June 17th, 2005 at 10:16 am reply
tell some poor guy in bombay with poor hygiene that he is lucky to be living in old world charm.
June 17th, 2005 at 2:07 pm reply
Right. I guess it’s technically called “sprawl”, with Atlanta being one of the worst examples (Emory magazine, February 2005). The other disadvantage of the separation is that there is virtually no activity around residential areas, leading to a potential safety problem. The biggest problem is that, if anything, it increases people’s dependence on cars even more, because unlike NYC for example, nobody can walk down a few blocks to get to commercial stores (every possible commodity in the case of NYC).
June 17th, 2005 at 11:15 pm reply
I live in a steadily worsening community of sprawl known as the Research Triangle of North Carolina, although my actual domicile is in the urban core of Durham. Right now the developers have the upper hand and they pretty much dictate the rules. For an impassioned brief against suburbanization and the laws and zoning codes that encourage it, read the work of James Howard Kunstler (Geography of Nowhere; Home from Nowhere). He, too, points out that the places people choose to visit for their charm (Savannah, Boston, San Francisco, New Orleans, and all the cities of Europe) are exactly the communities that are unthinkable under today’s patterns of outward sprawl.
What’s missing in many of these discussions is how the social aspirations of middle class people feed this trend. Many middle-income people are willing to accept a 45 minute commute in exchange for a cheap 5,000 sq. ft. McMansion.
June 18th, 2005 at 10:23 am reply
Zoning is the elephant in the room. We make it ILLEGAL to produce anything but sterility. And then we point fingers at everything but the zoning laws. Then the ‘new urbanists’ attempt to simulate organic growth through - you guessed it- more laws. Very risible. Here’s an insane idea for you - let’s remove zoning restrictions (or most of them) in swaths of suburbia and see what evolves over the next decade. Could be very interesting.
June 18th, 2005 at 11:27 am reply
As Bert Wiener correctly points out, zoning is one of the major issues. Right now, it is illegal in most cities to build structures like the pre-WWII buildings that many people find ennobling and charming.
An interesting celebration of the unplanned city is the London travelogue Fat City, by Jonathan Raban.
Also, the suburban sprawl pattern of development is heavily subsidized by local, state, and federal governments through FHA loan guarantees and interstate highway construction.
If zoning laws were lifted and the subsidies were ended, a very different (likely more mixed-use, integrated, human scale, and higher density) development pattern would result.

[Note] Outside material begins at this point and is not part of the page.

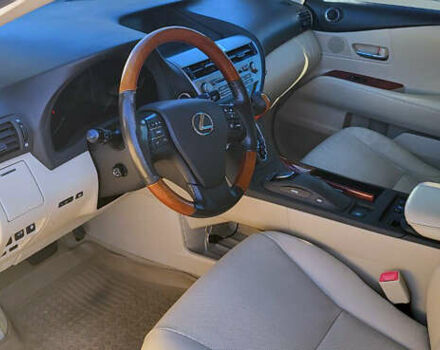 Сірий Лексус РХ, об'ємом двигуна 3.46 л та пробігом 257 тис. км за 17700 $, фото 28 на Automoto.ua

Although I am a conservative, I could not commend more highly the work of James Howard Kunstler, despite my ideological differences. He just released a new book, The Long Emergency, which is his vision of what will happen to the US as oil production moves past its peak. His writing is funny, clear, and compelling.
July 18th, 2005 at 5:56 pm reply
Being an architect and urban designer myself, i would like to throw some light on the discussion.
New Urbanism, is something of an ideal, and frankly very good in theory, but very impractical. There are a lot of proponents of the theory and u will see a lot of new towns especially in US based on New Urbanism, but they dont really succeed. Society is not utopian. Therefore its practically impossible to build factories near where you live so you can walk to work.
Recent studies show that suburbs consume nearly as much energy as cities while supporting fewer people. Also the destruction to nature, ecology, topography etc by this concrete sprawl is devastating.
Ever wondered why New Jersey gives out flood warnings at the slightest downpour ?? Its because there is so much paved area…roads, parking lots et al, that water cannot runn and be absorbed in the ground as it is supposed to be. And the economies of scale do not allow for elaborate stormwater drainage systems to be laid out.
I am not saying that we should abandon suburbs and make our cities bigger. But Suburbs and New Urbanim is not the solution.